Problem requirements:
Print the whole listing again exactly, keeping no pictures in it.

Data extract:
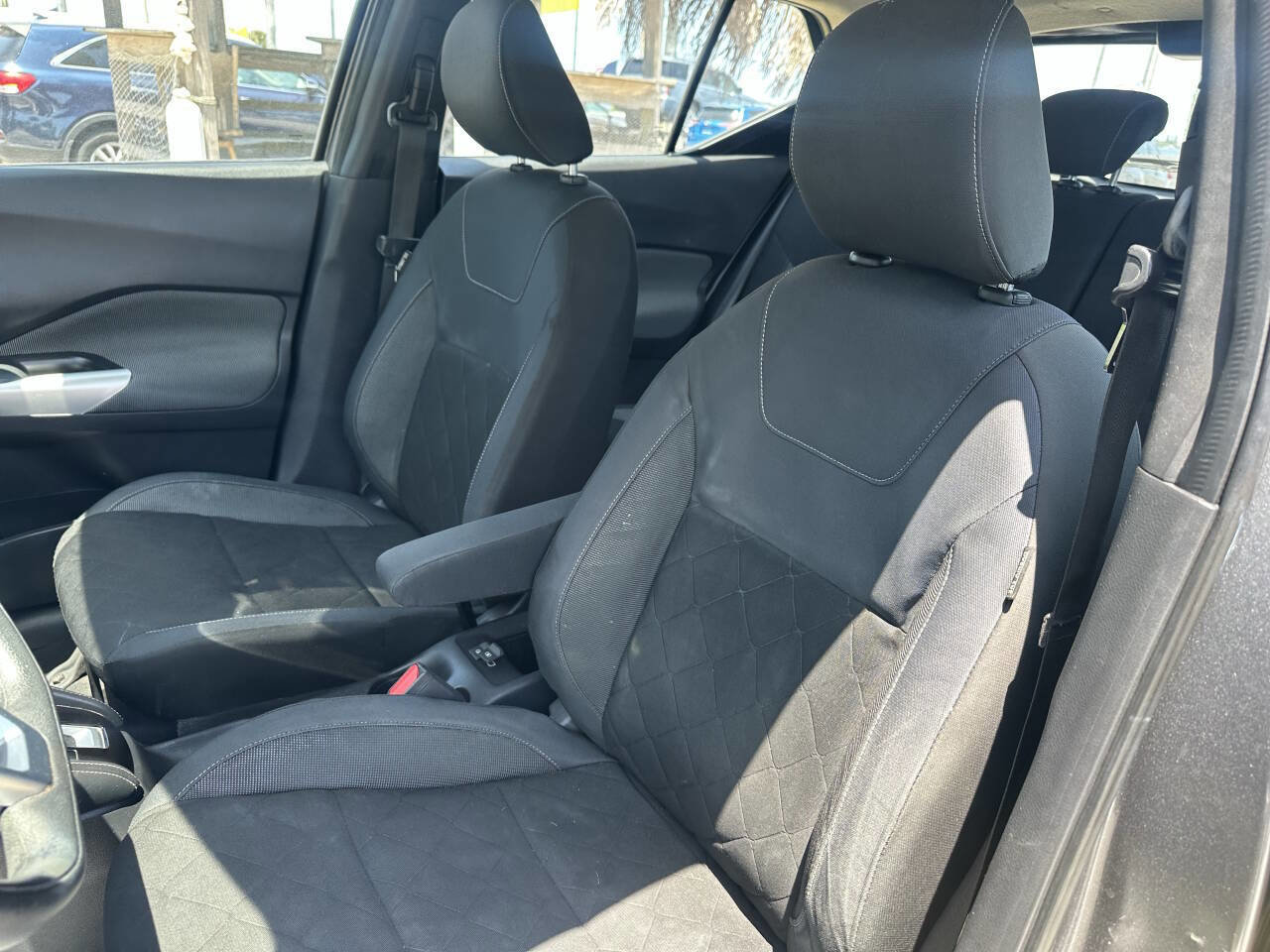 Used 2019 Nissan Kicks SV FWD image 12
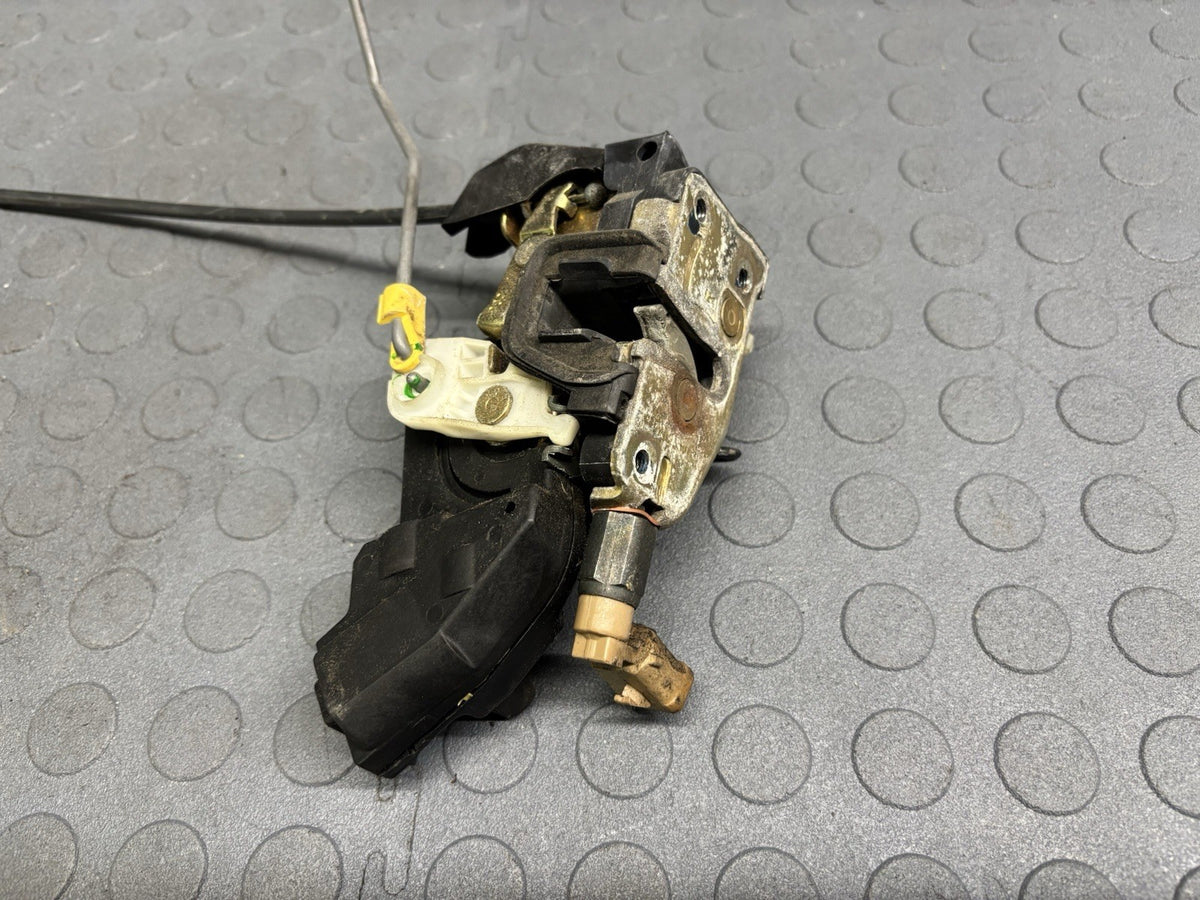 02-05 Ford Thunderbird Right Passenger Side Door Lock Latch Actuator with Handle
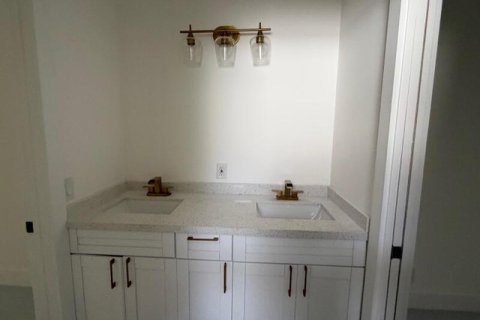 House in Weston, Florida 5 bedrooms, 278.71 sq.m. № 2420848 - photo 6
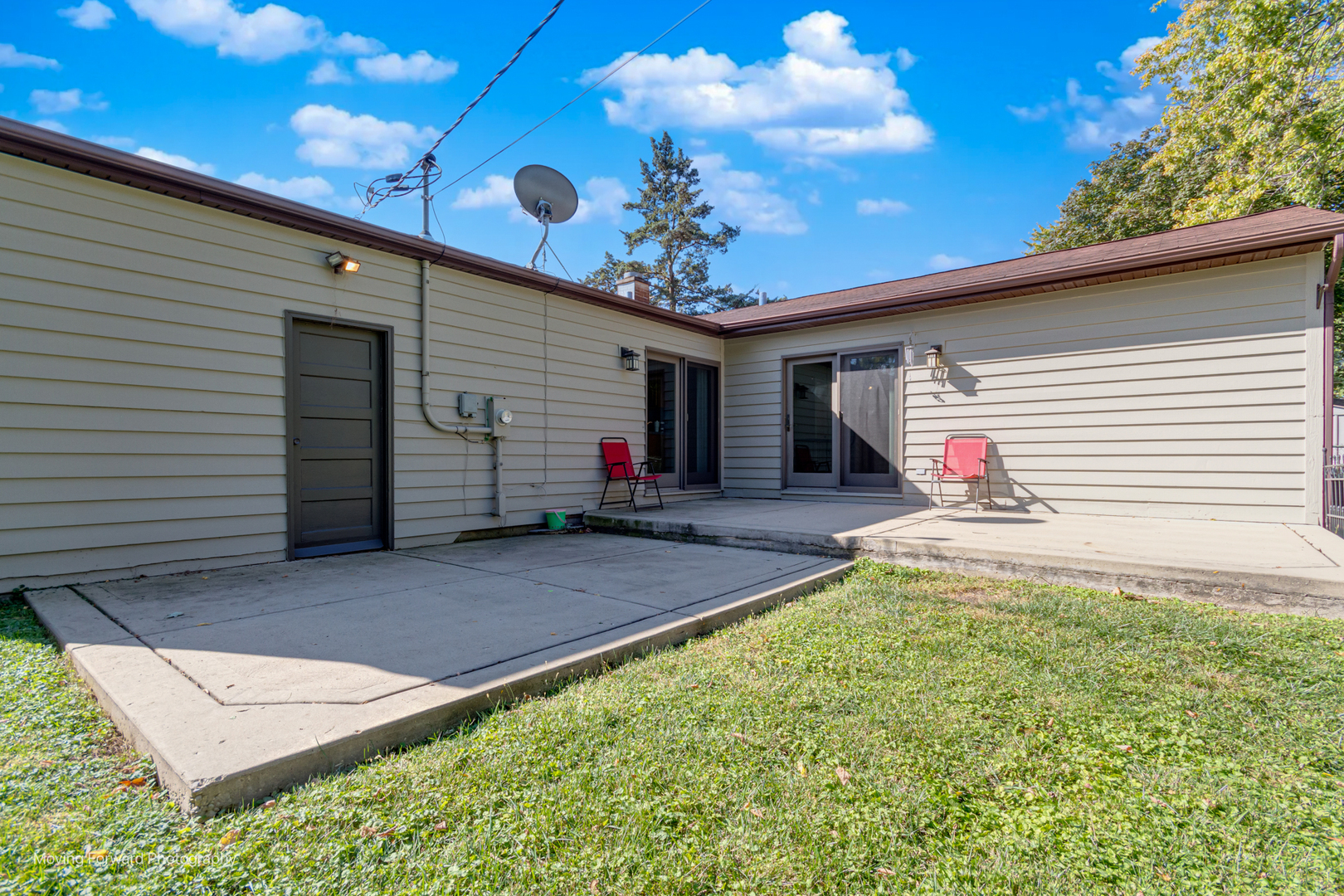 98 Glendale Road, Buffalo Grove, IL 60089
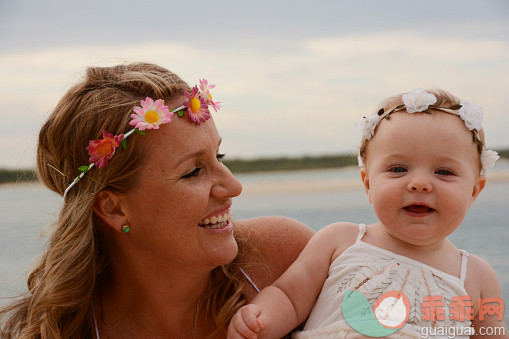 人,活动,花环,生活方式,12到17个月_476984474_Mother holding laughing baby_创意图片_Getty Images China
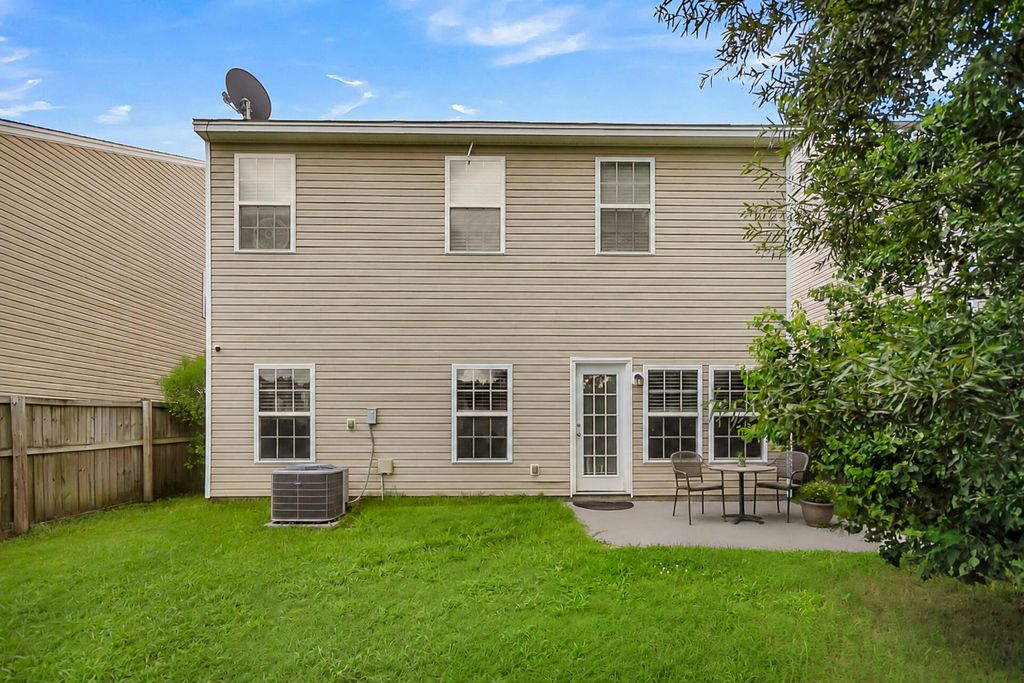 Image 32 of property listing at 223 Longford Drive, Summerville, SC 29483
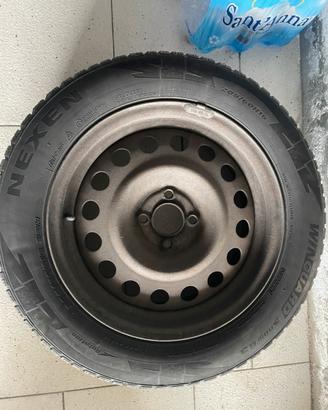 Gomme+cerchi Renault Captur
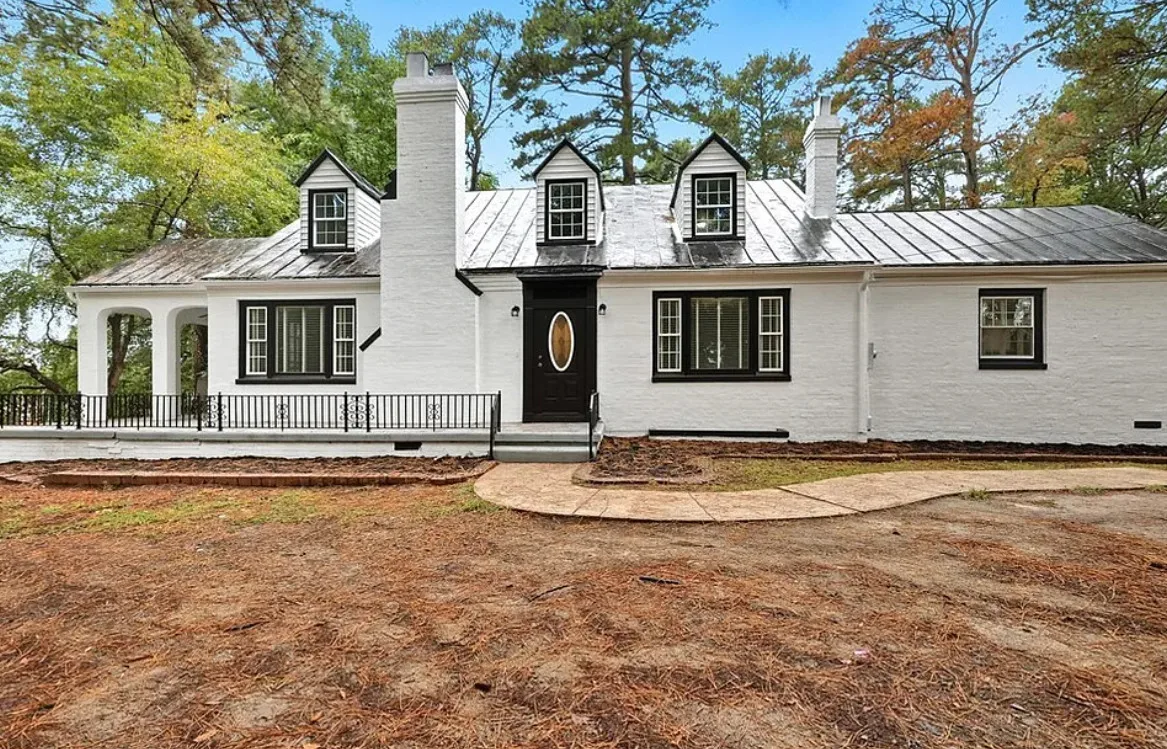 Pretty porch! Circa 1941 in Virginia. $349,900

Exercise result:
 Used 2019 Nissan Kicks SV FWD image 12
 02-05 Ford Thunderbird Right Passenger Side Door Lock Latch Actuator with Handle
 House in Weston, Florida 5 bedrooms, 278.71 sq.m. № 2420848 - photo 6
 98 Glendale Road, Buffalo Grove, IL 60089
 人,活动,花环,生活方式,12到17个月_476984474_Mother holding laughing baby_创意图片_Getty Images China
 Image 32 of property listing at 223 Longford Drive, Summerville, SC 29483
 Gomme+cerchi Renault Captur
 Pretty porch! Circa 1941 in Virginia. $349,900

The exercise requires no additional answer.